Helper (paraklētos) in John’s Gospel
The word boēthos occurs only once in the New Testament, in Hebrews 13:6. John uses a different word for the Holy Spirit in his Gospel; four times in his Farewell Discourse he uses the word paraklētos (John 14:16, 26; 15:26; 16:7). Paraklētos has a range of meanings and nuances, but it doesn’t typically have the same senses that ezer and boēthos do.
Paraklētos can refer to an advocate, and the word was sometimes used in legal contexts. Max Turner writes that it means “‘one called alongside,’ especially to offer counsel, support or assistance in a court, or in some other potentially adversarial setting.” And he adds that paraklētoi can act as “intercessors, mediators, or supporting witnesses.”

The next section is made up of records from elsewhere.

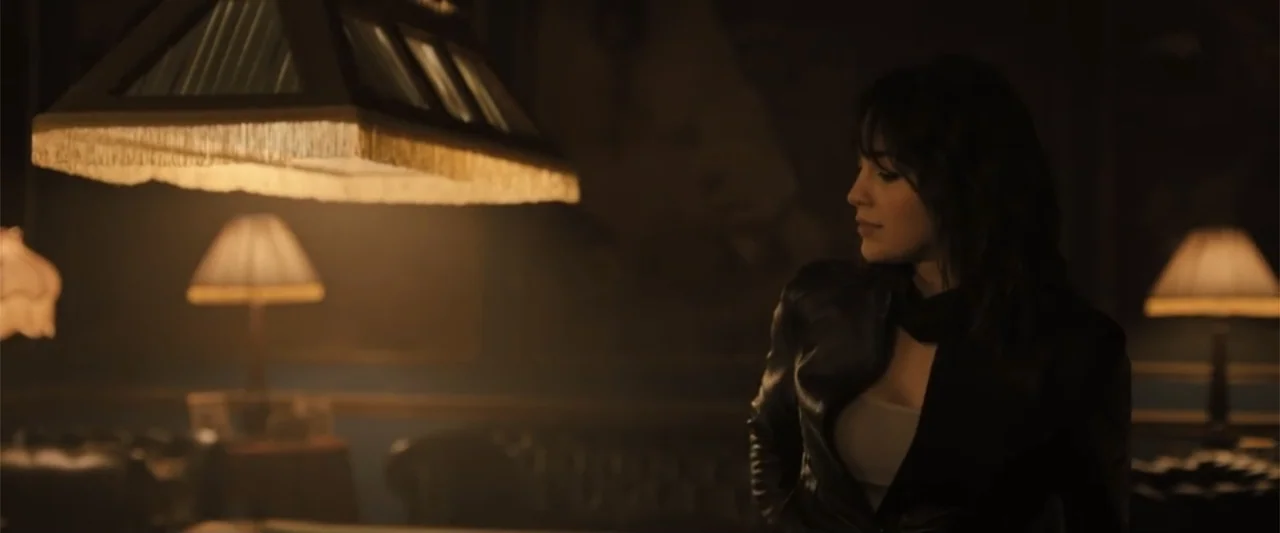 Abigail (2024) movie still: medium — A dimly lit billiard hall features multiple lamps casting pools of soft warm light. A woman in a black leather…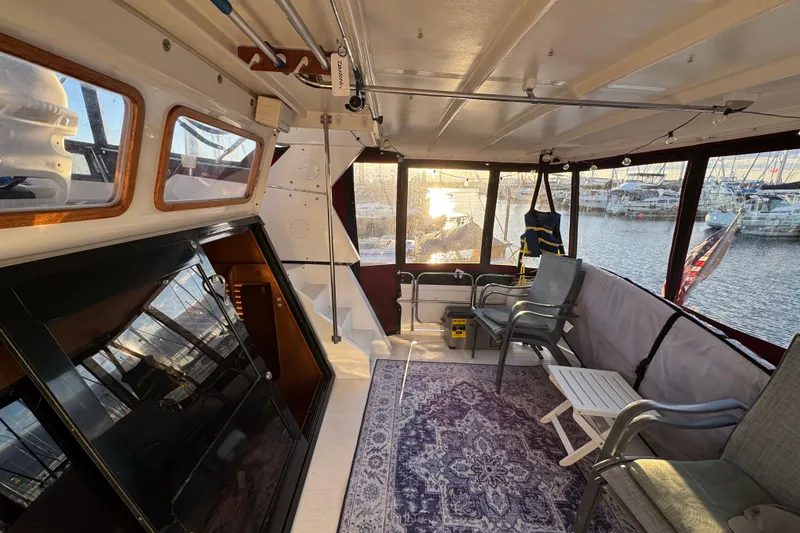 Slide: The Image of Interior of a 1987 President 37 yacht with seating, table, and marina view. - 7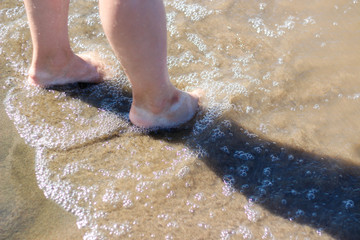 Girl's feet on the beach. Sea waves and legs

It is used with this sense when speaking about Jesus in First John.
My little children, I am writing you these things so that you may not sin. But if anyone does sin, we have an advocate with the Father—Jesus Christ the righteous one. 1 John 2:1 CSB
Almost all English translations have the word “advocate” in 1 John 2:1. The Voice translates paraklētos here as “a high-powered defense lawyer”! Only a few translations, however, have “advocate” in John’s Gospel (NET, NIV, NLT, etc). This is because paraklētos can have other meanings.

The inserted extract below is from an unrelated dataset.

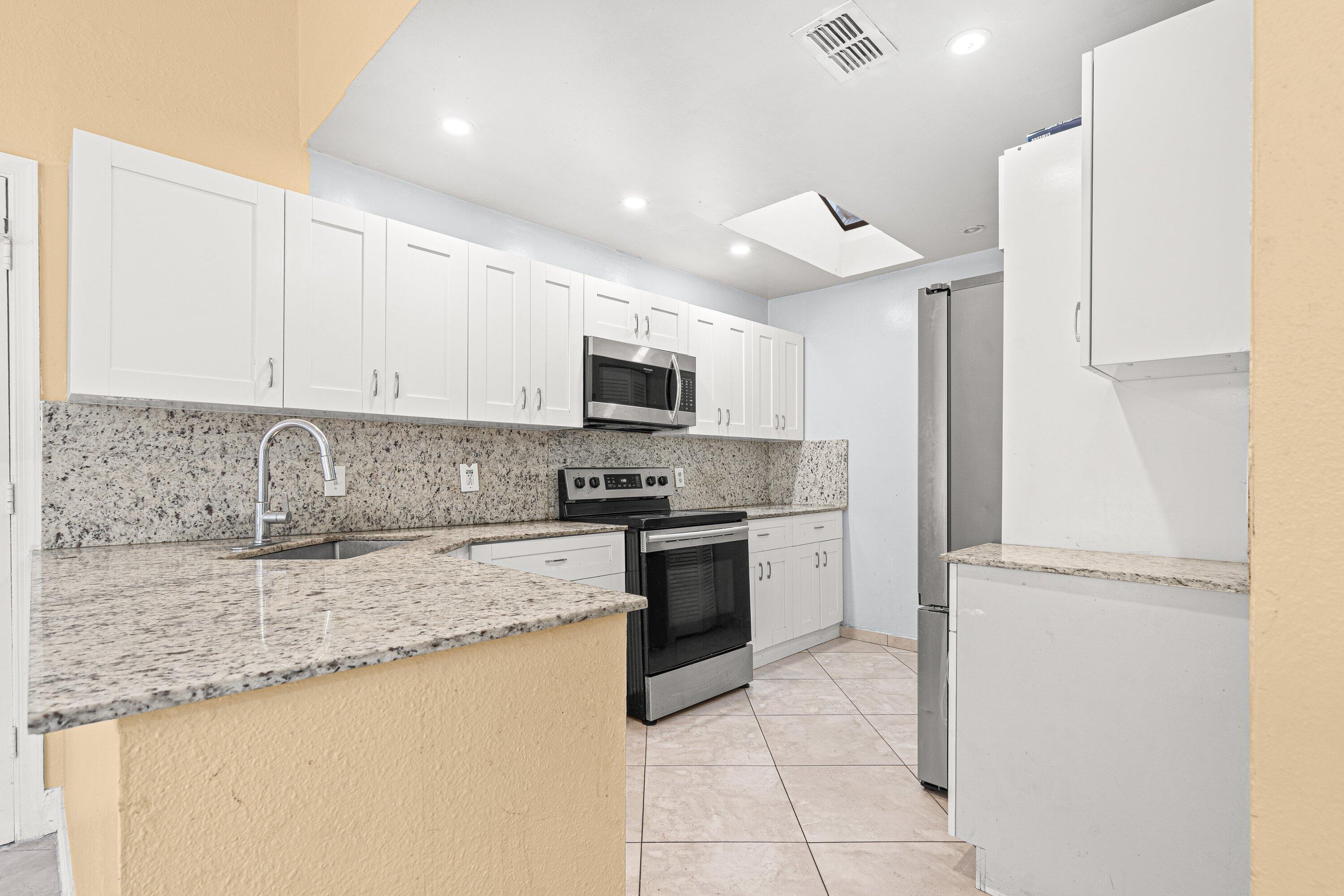 4134 Northwest 2nd Lane Delray Beach, FL 33445 - Photo 9 of 28 a kitchen with kitchen island granite countertop a stove sink and microwave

The word also has the sense of consoling and comforting and is sometimes translated in John’s Gospel as “comforter” (e.g., ERV, KJV). The CSB has “counsellor,” a word that can be used for a person who provides legal advocacy as well as a person who provides emotional support. The ESV, NASB, and others simply have “helper,” while a small number of English Bibles and several Bible commentators leave paraklētos untranslated and use the word “Paraclete” (e.g., DRA).
The Paraclete’s Role
Jesus’ words in John 14-16 were meant to comfort his disciples. He promised they would not be left alone and that another Paraclete, the Holy Spirit, would come and take his place. The Holy Spirit is effectively Jesus’ replacement and representative now Jesus has returned to the Father and is no longer on earth.

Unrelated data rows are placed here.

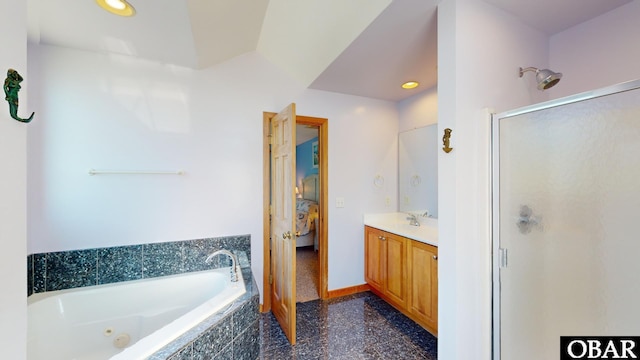 full bathroom featuring vanity, baseboards, a stall shower, a whirlpool tub, and ensuite bathroom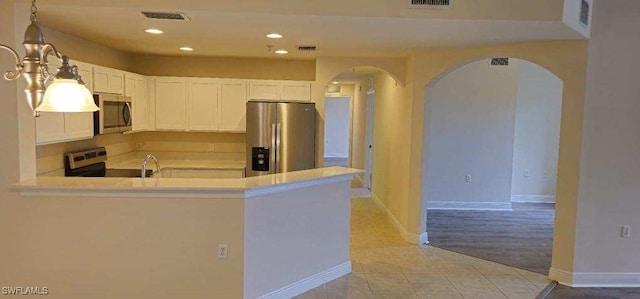 kitchen featuring light tile patterned floors, stainless steel appliances, kitchen peninsula, and white cabinets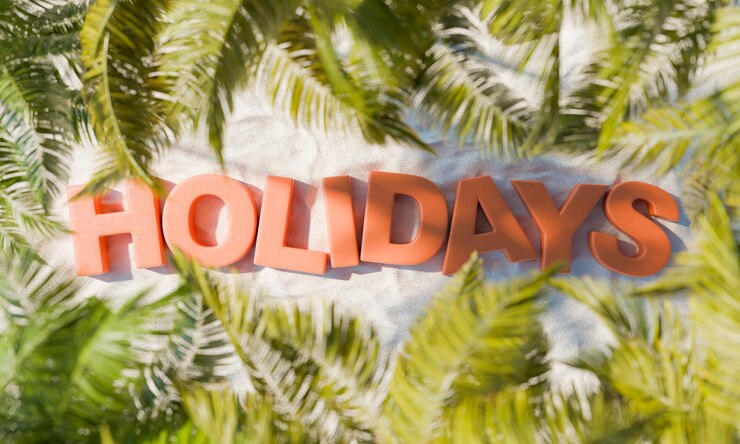 Foto holidays texto en el suelo de la playa de arena con hojas de palma alrededor
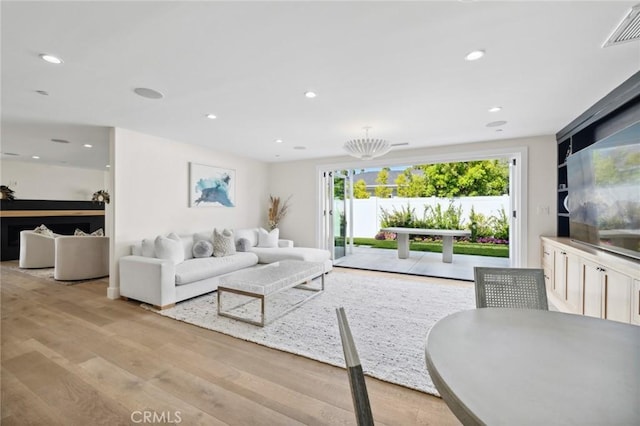 living room with light hardwood / wood-style floors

Max Turner observes that for John, “Jesus and the Spirit-Paraclete are parallel figures, or at least have parallel functions.” Furthermore, “the functions actually attributed to ‘the Paraclete’ in John are primarily teaching, revealing and interpreting Jesus to the disciples with forensic functions only explicit at 15:26; 16:8-11.” This does not correspond with what Eve did for Adam.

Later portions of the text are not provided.